Vaccine Voices: Getting vaccinated is an opportunity to ‘be a hero and save your community’

The moment Victoria Leo learned Mercy Flights was sponsoring a drive-through vaccination clinic, she began counting the days until her appointment. On the eve of the big day, she was so excited she couldn’t sleep— And rightly so. Victoria, an author and retired psychotherapist, has an underlying condition that could make a COVID-19 infection especially dangerous.

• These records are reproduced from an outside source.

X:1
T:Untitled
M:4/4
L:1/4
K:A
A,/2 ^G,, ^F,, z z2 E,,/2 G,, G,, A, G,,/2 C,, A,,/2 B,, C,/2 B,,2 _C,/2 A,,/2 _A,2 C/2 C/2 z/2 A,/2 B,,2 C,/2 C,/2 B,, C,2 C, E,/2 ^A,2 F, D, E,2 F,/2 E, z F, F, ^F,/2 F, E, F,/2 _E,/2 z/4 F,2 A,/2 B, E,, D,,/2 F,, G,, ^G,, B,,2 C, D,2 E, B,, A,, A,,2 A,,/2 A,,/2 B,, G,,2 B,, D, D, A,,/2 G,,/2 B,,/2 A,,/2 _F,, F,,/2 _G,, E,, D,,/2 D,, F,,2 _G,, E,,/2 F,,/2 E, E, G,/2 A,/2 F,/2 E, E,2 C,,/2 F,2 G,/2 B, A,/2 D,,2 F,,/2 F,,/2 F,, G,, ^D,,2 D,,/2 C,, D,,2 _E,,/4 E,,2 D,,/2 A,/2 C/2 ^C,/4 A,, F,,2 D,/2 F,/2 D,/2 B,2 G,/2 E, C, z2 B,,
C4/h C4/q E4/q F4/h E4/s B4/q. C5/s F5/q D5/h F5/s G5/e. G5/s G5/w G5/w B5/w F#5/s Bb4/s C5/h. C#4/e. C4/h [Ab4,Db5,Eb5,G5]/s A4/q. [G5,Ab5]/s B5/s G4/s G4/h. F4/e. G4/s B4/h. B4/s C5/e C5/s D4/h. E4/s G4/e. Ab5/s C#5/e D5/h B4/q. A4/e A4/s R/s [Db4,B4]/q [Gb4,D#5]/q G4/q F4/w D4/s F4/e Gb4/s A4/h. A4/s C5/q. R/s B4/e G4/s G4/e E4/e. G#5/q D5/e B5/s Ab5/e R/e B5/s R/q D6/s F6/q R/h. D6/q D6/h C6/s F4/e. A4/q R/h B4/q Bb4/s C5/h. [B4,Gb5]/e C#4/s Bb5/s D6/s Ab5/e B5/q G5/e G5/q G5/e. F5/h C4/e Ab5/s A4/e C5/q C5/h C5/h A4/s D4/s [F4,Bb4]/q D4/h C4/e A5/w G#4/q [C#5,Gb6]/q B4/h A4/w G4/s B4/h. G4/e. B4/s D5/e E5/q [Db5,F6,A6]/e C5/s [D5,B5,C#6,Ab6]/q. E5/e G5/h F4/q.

For more than a year, she’d stuck close to her rural Ashland home, enduring what her husband joked was akin to house arrest. But once fully vaccinated, Victoria’s world opened. “It was really a profound change because instead of knowing that I was at risk of death with nothing I could do about it, I had this powerful feeling that I had taken effective action. We’re not talking about popping parasite pills I used to give my rabbit. I felt this incredible surge of agency. I can do things that are low-risk.”

Victoria Leo

But even though Victoria is doing what she can to stay healthy, she remains wary of those around her who refuse to do the same. And, while Victoria is surrounded by people who believe in science and are happily vaccinated, she also frequently hears from others who’ve adopted the motto, ”Oh, if you want to be afraid and stay home, go ahead. I’m going to live my life.” Victoria’s idea of living life is staying healthy. That mindset, she said, comes from her fondness for history and her background in health.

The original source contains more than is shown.